Birds of Paradise – Clutter Keeps Company

18 Feb 2010 in Dance & Drama

Tramway, Glasgow, 17 February 2010, and touring

THIS IS the second play on the trot in which writer Davey Anderson has used storytelling as his key technique. Like his spirited version of the adventures of Zorro at Edinburgh’s Traverse Theatre before Christmas, Clutter Keeps Company requires the actors to slip in and out of character and take turns as a narrator.

Clutter Keeps Company - Keith Macpherson (Jim)and Scott Fletcher (Stevie) - Photo by Eamonn McGoldrick

Clutter Keeps Company - Keith Macpherson (Jim)and Scott Fletcher (Stevie) - Photo by Eamonn McGoldrick

It means all the action happens in a “he said/she said” frame, an approach that plays to theatre’s strengths. It encourages direct audience address, fast scene changes and a dressing-up box atmosphere that allows us to accept an actor as a middle-aged mum one moment and a teenager the next.

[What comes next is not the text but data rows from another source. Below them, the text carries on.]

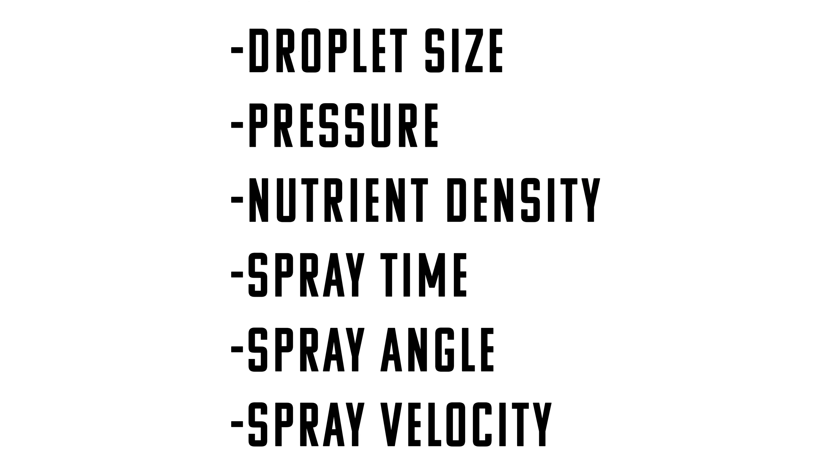An HPA setup gives you incredible control over almost every variable. You can control the droplet size through the spray heads, the pressure through a regulator, the nutrient density, the spray time, angle, and the velocity. It really is a control-freak's extreme.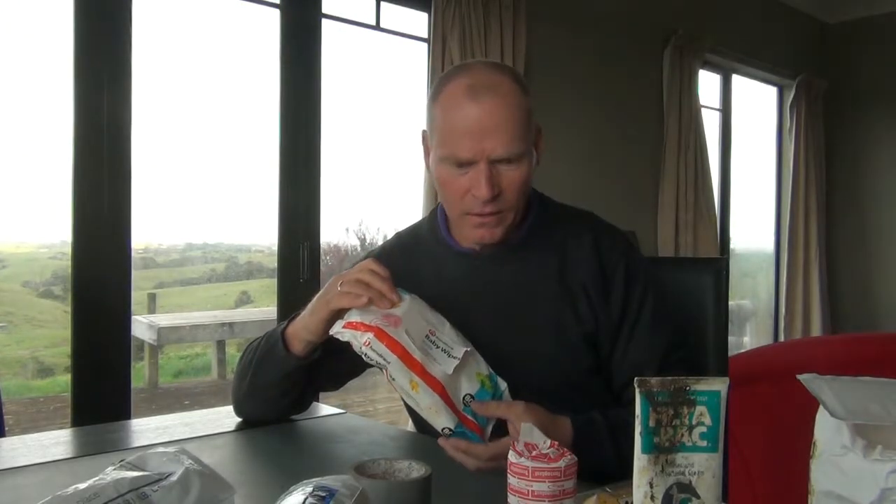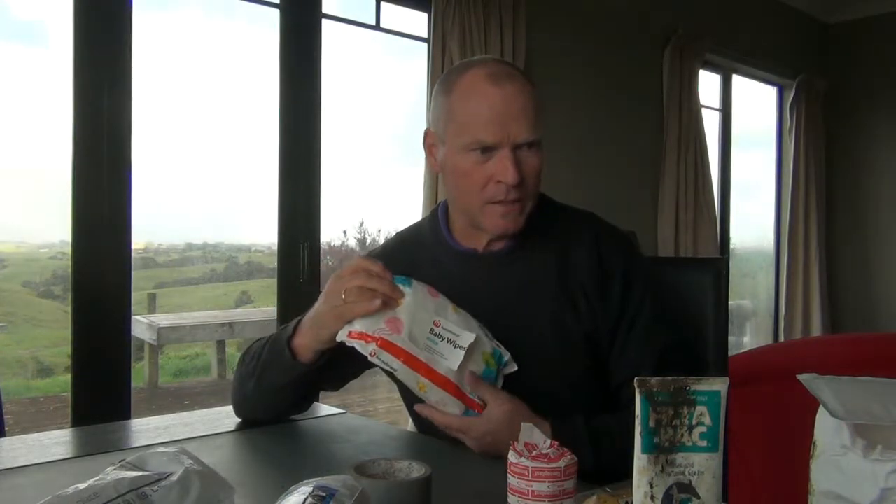Baby wipes — really good for cleaning around wounds, getting all the muck and stuff out of the way. Being alcohol-based, they're good for cleaning. So it's a simple, straightforward first aid kit that deals with most issues that might arise with an injury with a horse.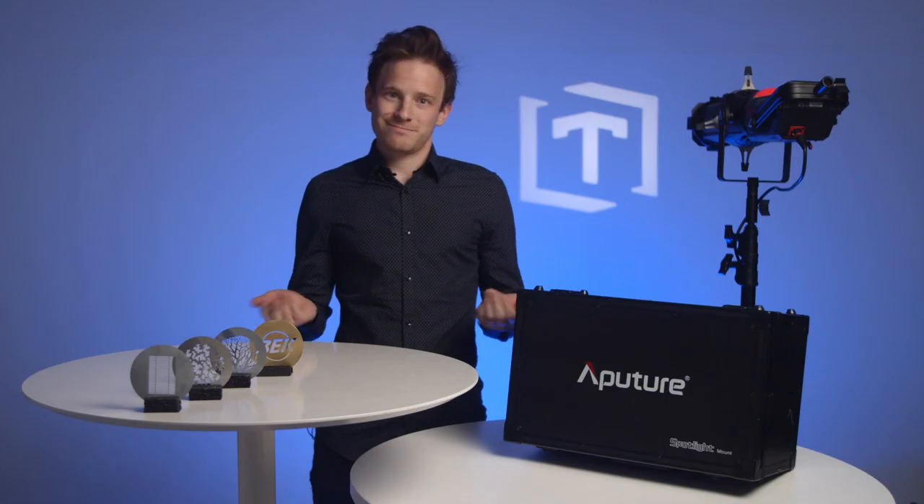The only big problem is we don't have a CNC machine. Thankfully, we know some rock stars that do. Let's go pay him a visit. We just arrived at Gizmonix — Evan and Johnia are waiting for us inside. Let's go say hello.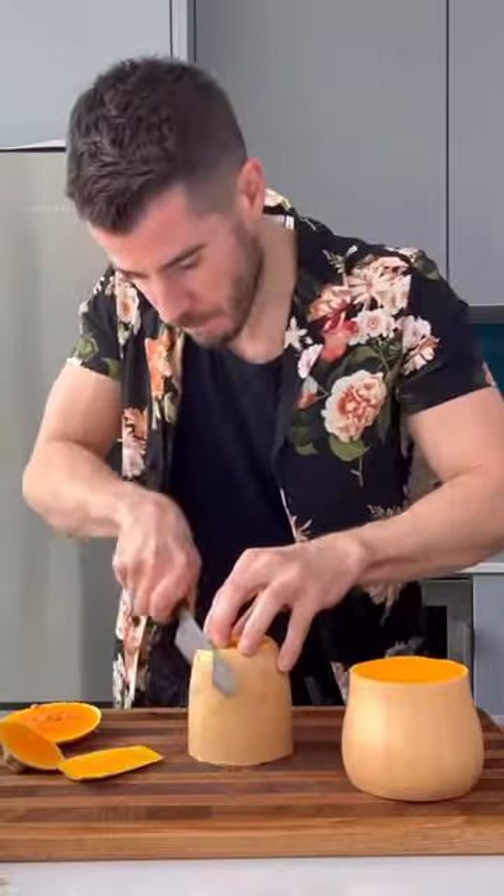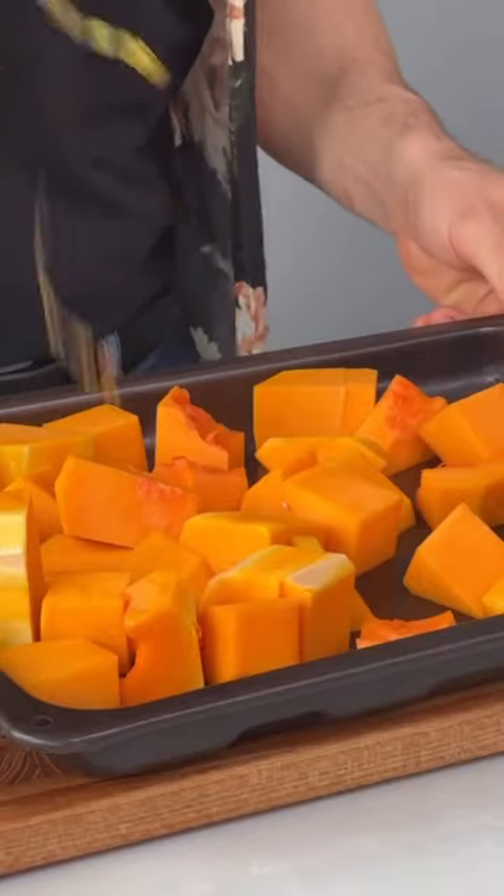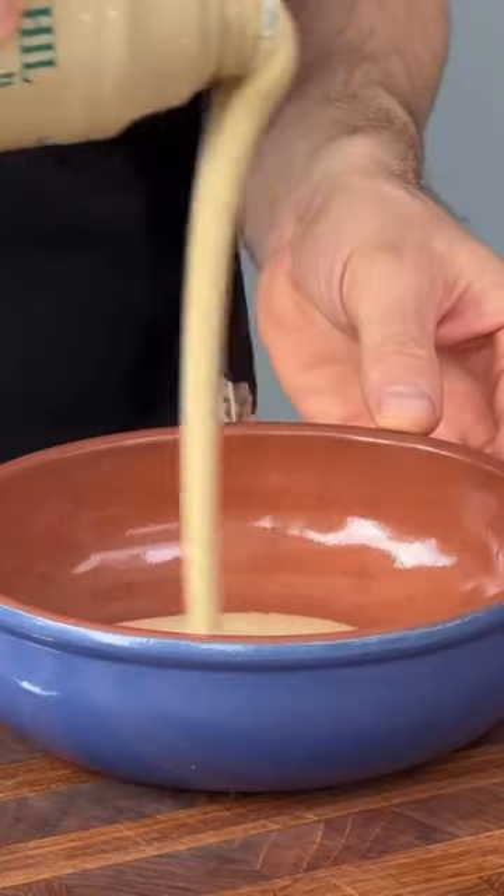Today I'm going to show you how to make a really quick and easy squash salad. I absolutely love this. Chunk up your squash, chuck it into a roasting tray with olive oil, salt and pepper, and roast it really hot until it's lovely and squidgy and a little charred.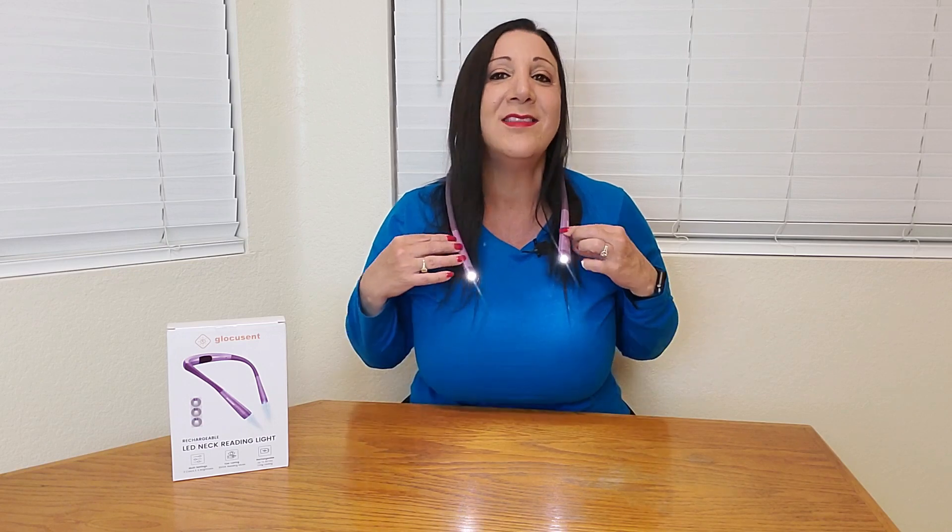Now this isn't just for reading, although it is great for reading. You can just easily see without disturbing your partner, say you're reading at night. But this isn't just for reading — you can even use this for the daytime. Say you're a knitter or a crocheter, or you're doing some repairs or crafts too, and you just need that extra light. This is perfect to wear, just to get that extra light to shine.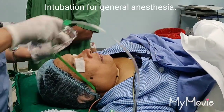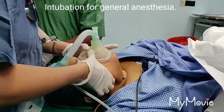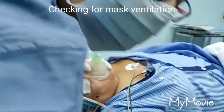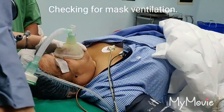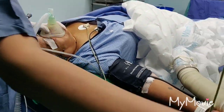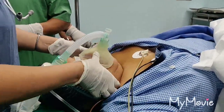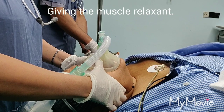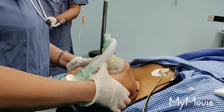We will start now. We are going to check for mask ventilation. Easy to ventilate. Putting on ventilator. Put the timer on. We are getting the ETCO2. Ventilation is good.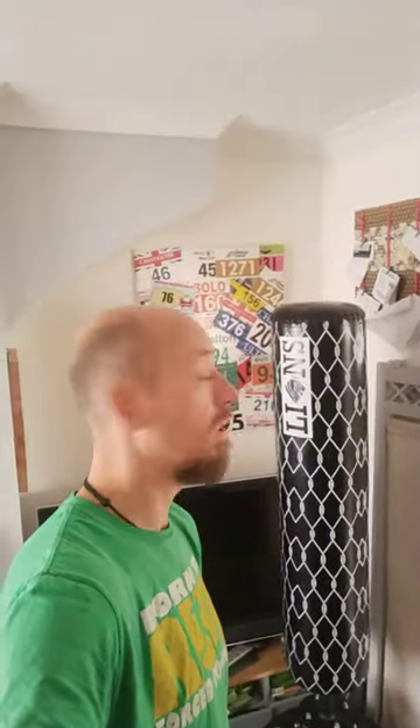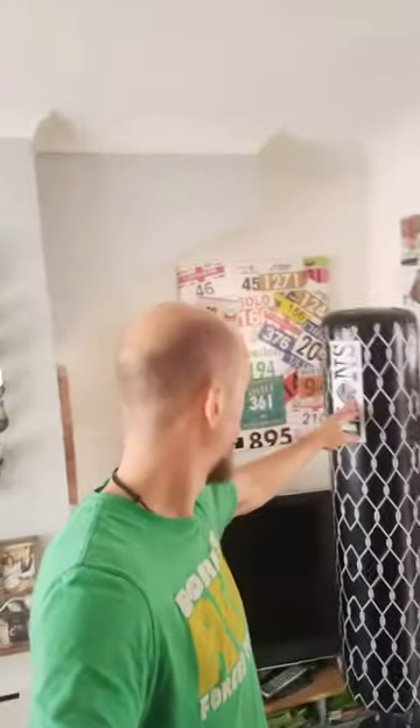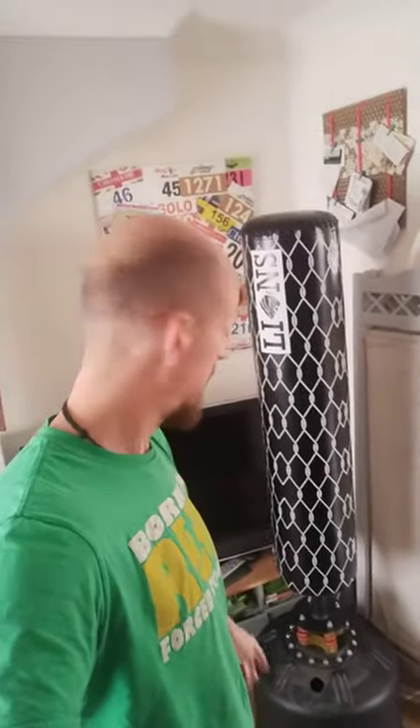First day of lockdown and this has arrived — this is an Alliance freestanding punch bag, supposed to be five and a half feet tall. But once you've got the base on it, it's nearly the same height as me, and I'm 6'1. It's got some nice shock absorber springs on the bottom, and the base is filled with sand or water. It's also got suckers on the bottom.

Fellow playwright David Greig has used the same technique, most recently in his hit comedy Midsummer and also in his teenager-friendly Yellow Moon. It is this play that Clutter Keeps Company most closely resembles, and not only because actor Keith Macpherson starred in both.

The two plays concern a son trying to reconnect with a long-lost father after a spot of criminal behaviour (in this case more imagined than real) and a trek to a far-away Scottish destination (Greig chose a Highland estate, Anderson goes for Millport). They both regard teenage experiences as worthy dramatic material.

But where Greig used his story to explore the pressure on teenagers to conform or rebel, touching on big issues such as self-harm along the way, Anderson is much less clear about what is at stake for his characters.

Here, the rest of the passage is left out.